Data for analysis

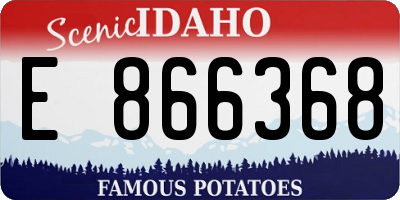 ID license plate E866368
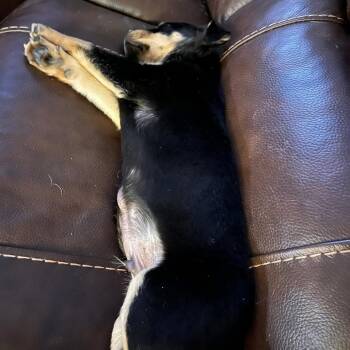 Rottweiler and Mixed Breed Dogs Available for Adoption - Elliot | PetCurious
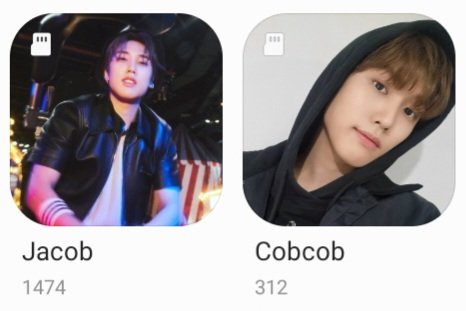 tinycobbie's tweet photo. Just so your all aware of how hard this thread was for me to make I have two jacob folders on my phone and this isnt even counting all the cob pictures stored on my laptop 😭😭 https://t.co/fQMs0GRf58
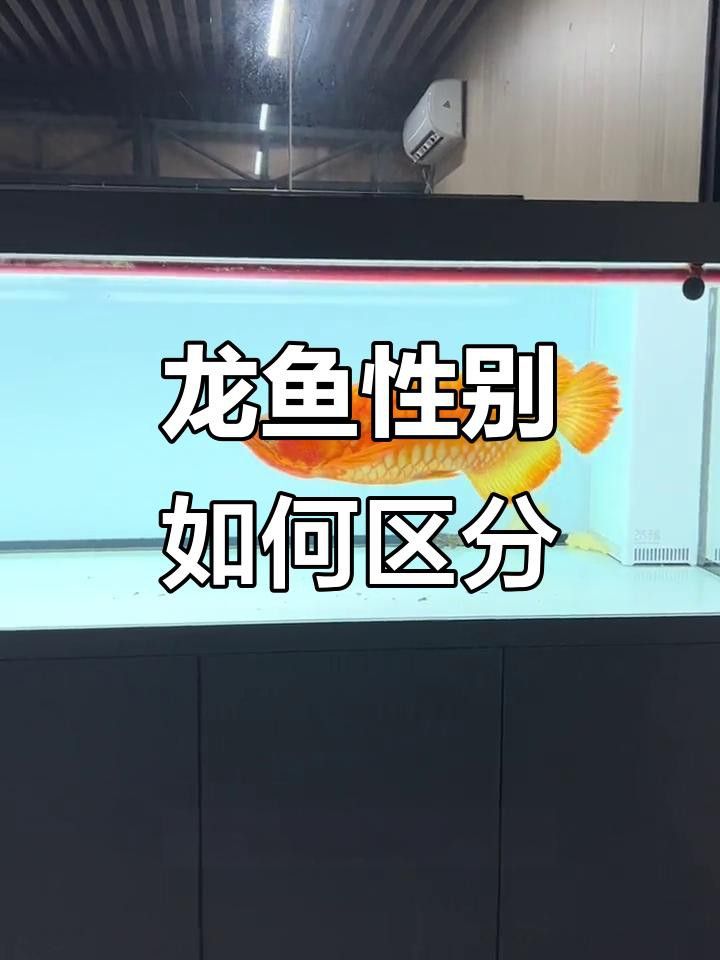 如何鑒別龍魚的雌雄？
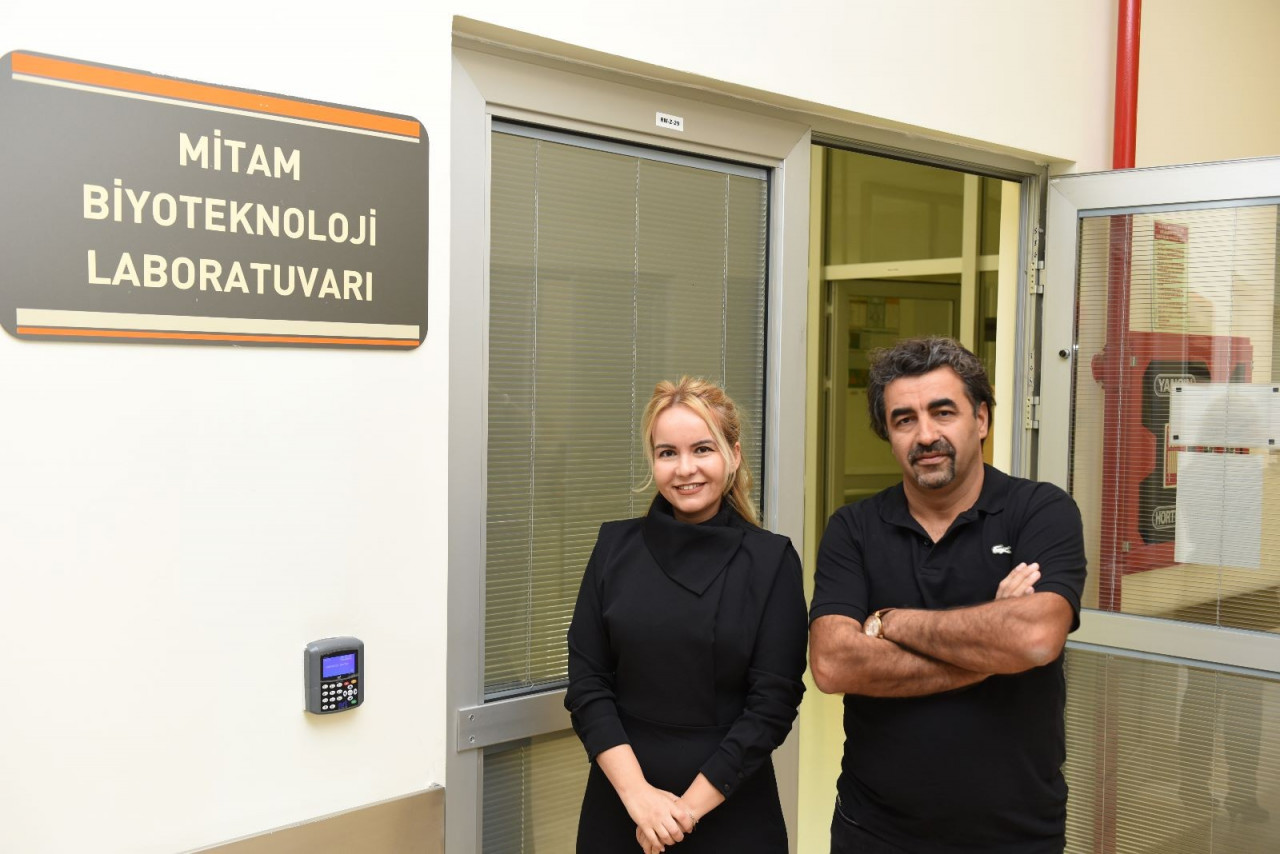 İncirin raf &ouml;mr&uuml; soğan kabukları ile uzatılacak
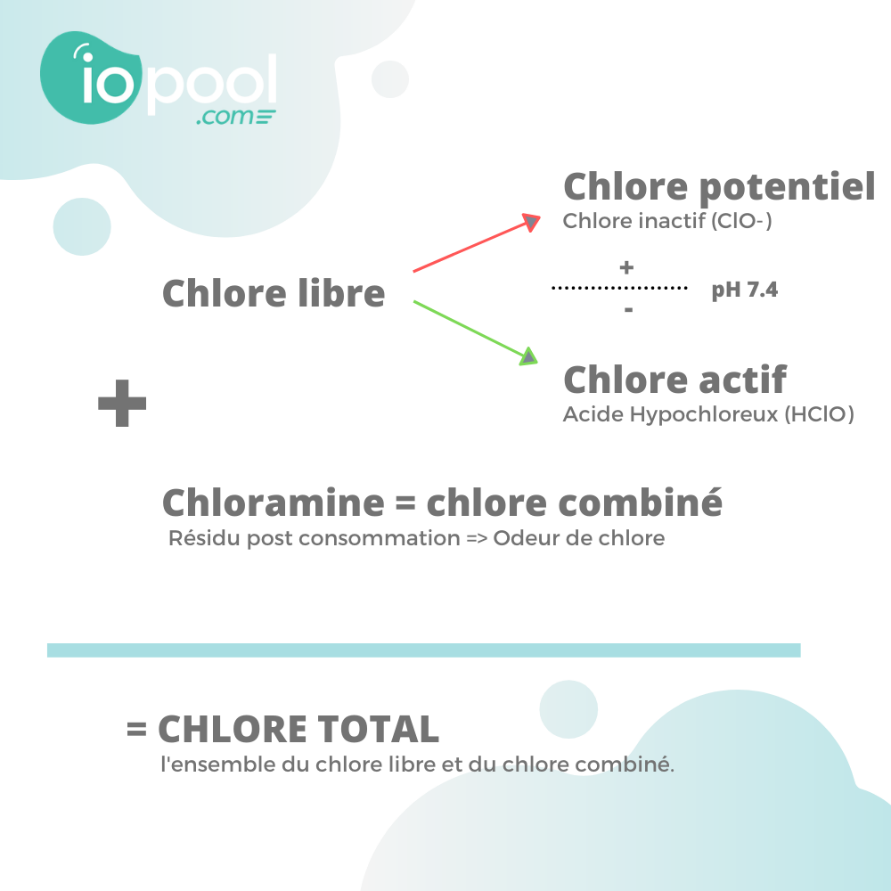 Schéma explicatif des interactions entre les différents types de chlore en contexte de piscine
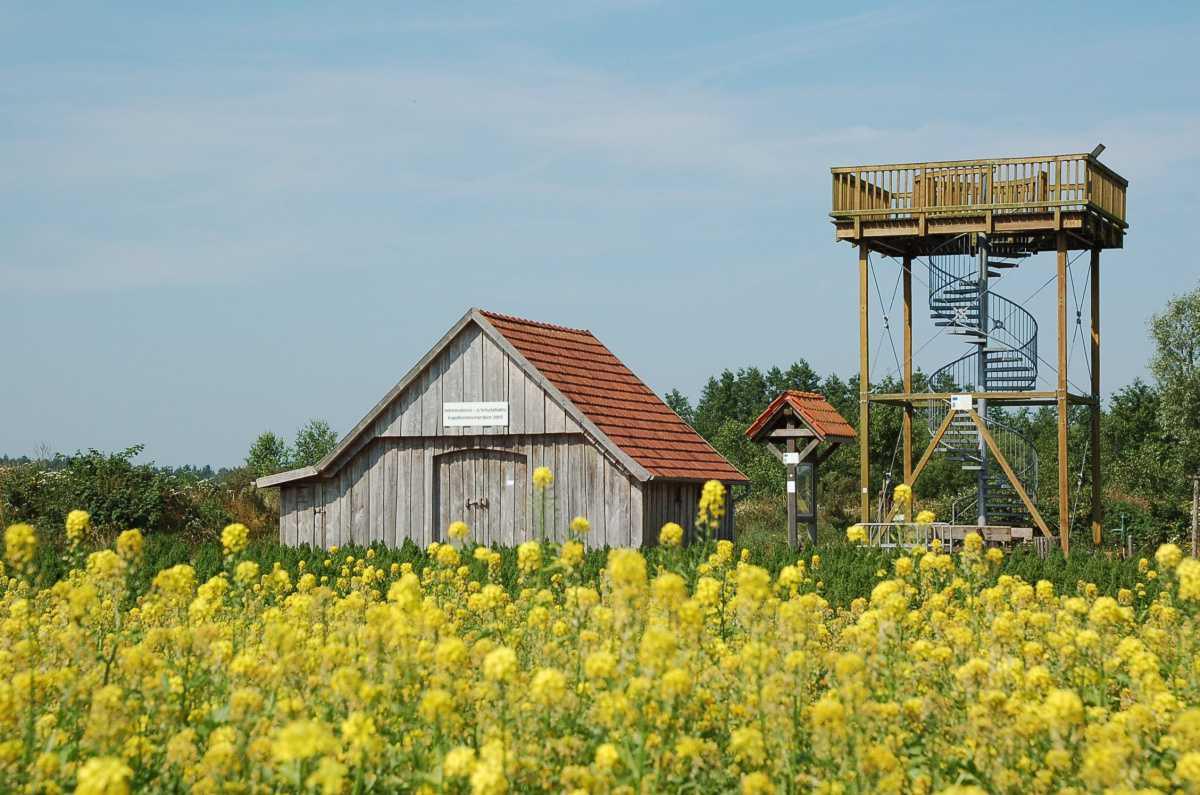 NaturAussicht Kapellenmoorgraben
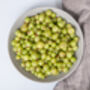Gooseberry Plants, 'Leveller', thumbnail 2 of 7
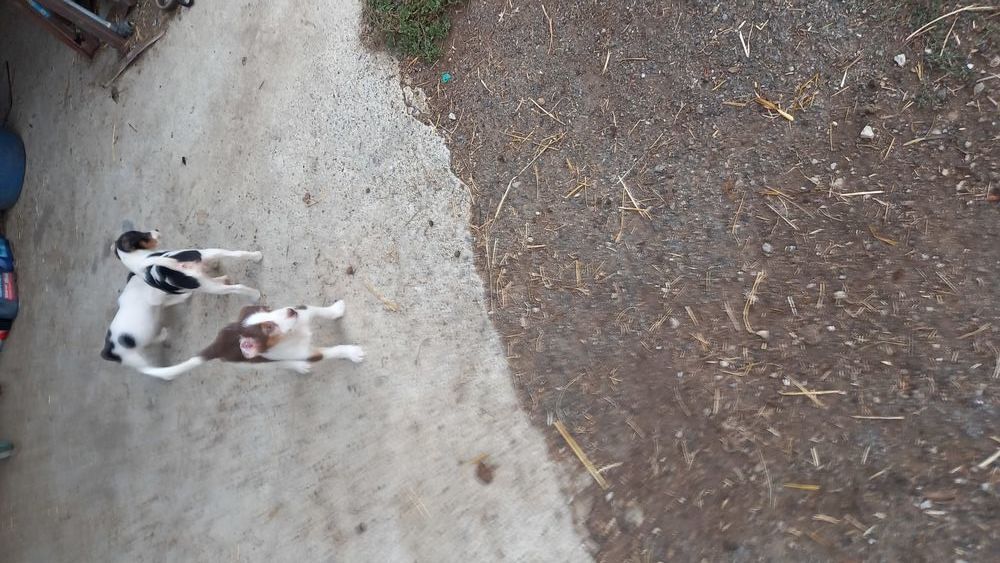   Chien  ratier 
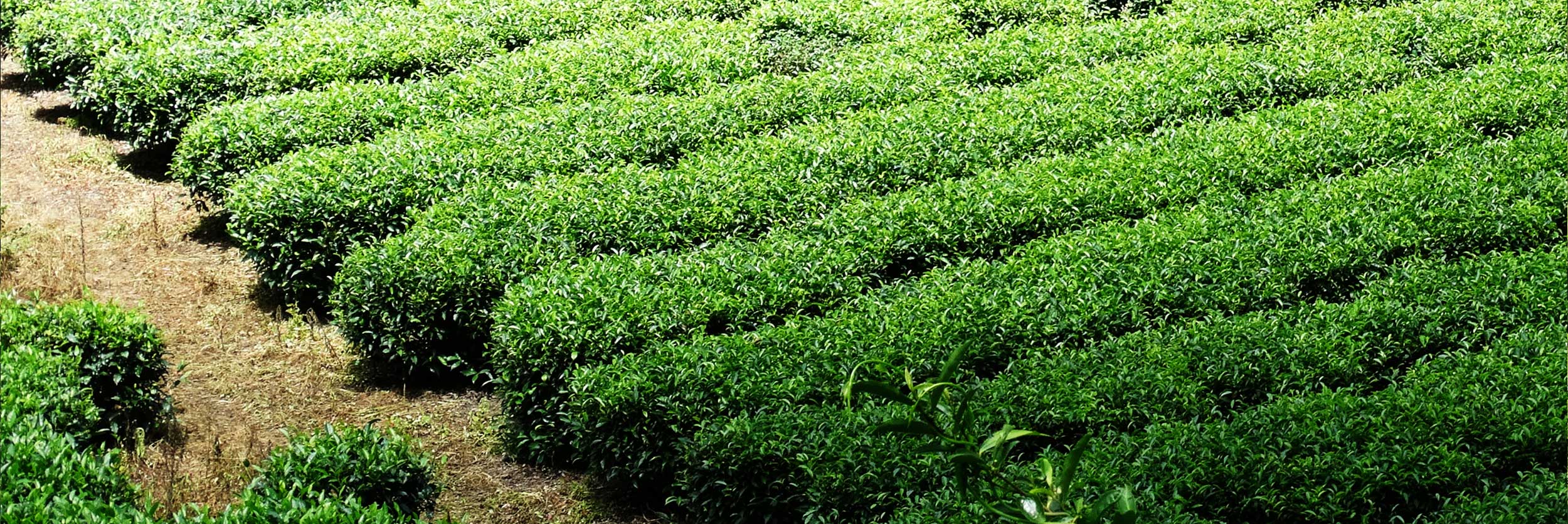 Tee-Plantagen Fujian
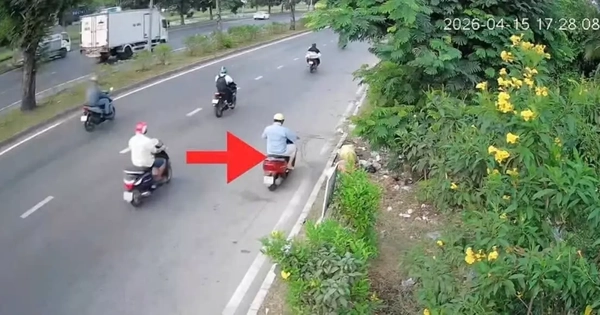 Vứt rác giữa đường, hai người ở TPHCM bị 'phạt nguội' tiền triệu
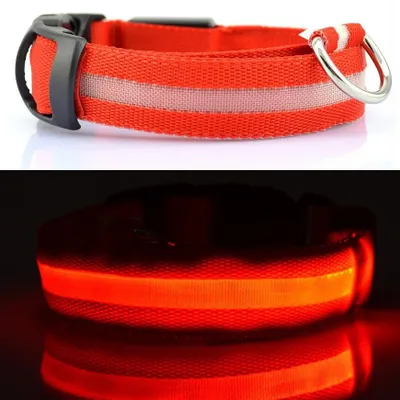 Produktbild von Hundehalsband Leuchthalsband Halsband für Hunde LED USB Aufladbar mit Akku ROT - Größe Gr. M (37 - 46cm)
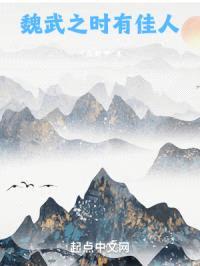 魏武之时有佳人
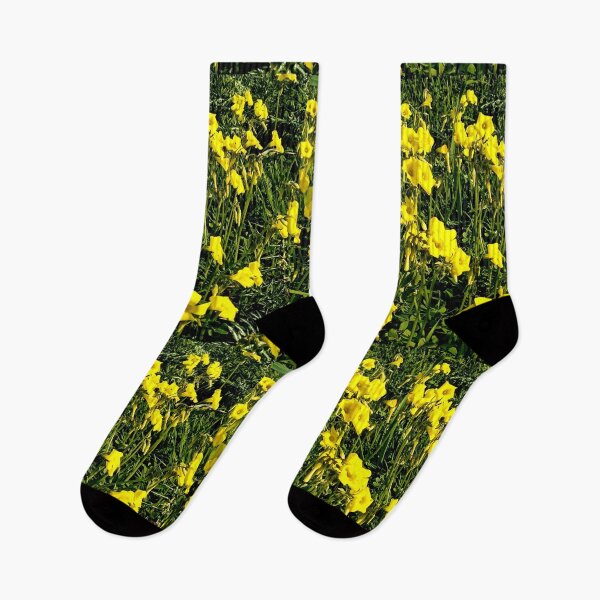 Item preview, Gozo Island yellow flowers designed and sold by Landreorama.
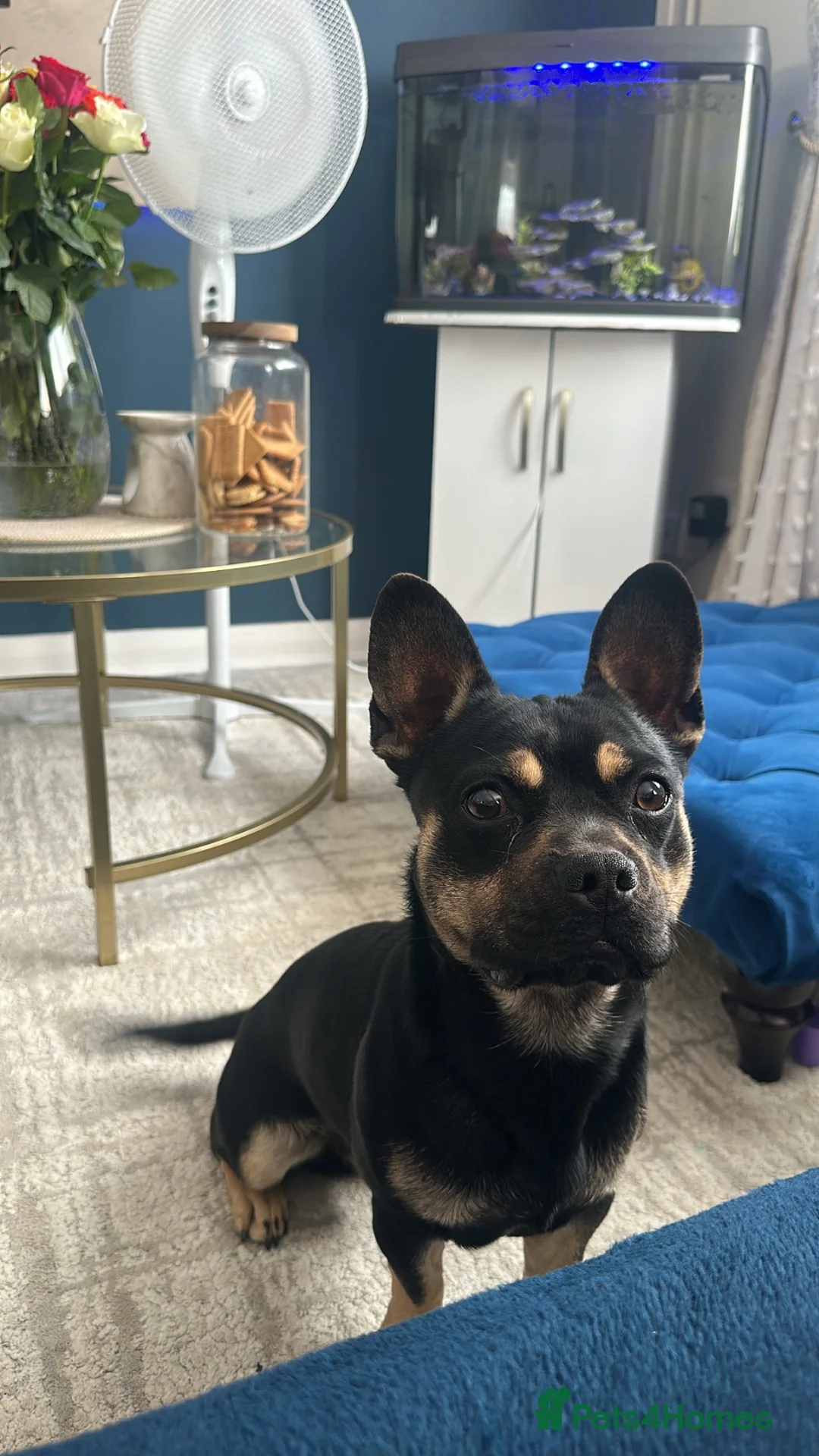 Mixed Breed dogs for sale: Chase  - Advert 1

Brief
Both the line containing "tinycobbie's tweet photo." and the last line of the listing above belong in the copy, along with every line between them; retype them exactly and omit the pictures.

Expected answer
 tinycobbie's tweet photo. Just so your all aware of how hard this thread was for me to make I have two jacob folders on my phone and this isnt even counting all the cob pictures stored on my laptop 😭😭 https://t.co/fQMs0GRf58
 如何鑒別龍魚的雌雄？
 İncirin raf &ouml;mr&uuml; soğan kabukları ile uzatılacak
 Schéma explicatif des interactions entre les différents types de chlore en contexte de piscine
 NaturAussicht Kapellenmoorgraben
Gooseberry Plants, 'Leveller', thumbnail 2 of 7
   Chien  ratier 
 Tee-Plantagen Fujian
 Vứt rác giữa đường, hai người ở TPHCM bị 'phạt nguội' tiền triệu
 Produktbild von Hundehalsband Leuchthalsband Halsband für Hunde LED USB Aufladbar mit Akku ROT - Größe Gr. M (37 - 46cm)
 魏武之时有佳人
 Item preview, Gozo Island yellow flowers designed and sold by Landreorama.
 Mixed Breed dogs for sale: Chase  - Advert 1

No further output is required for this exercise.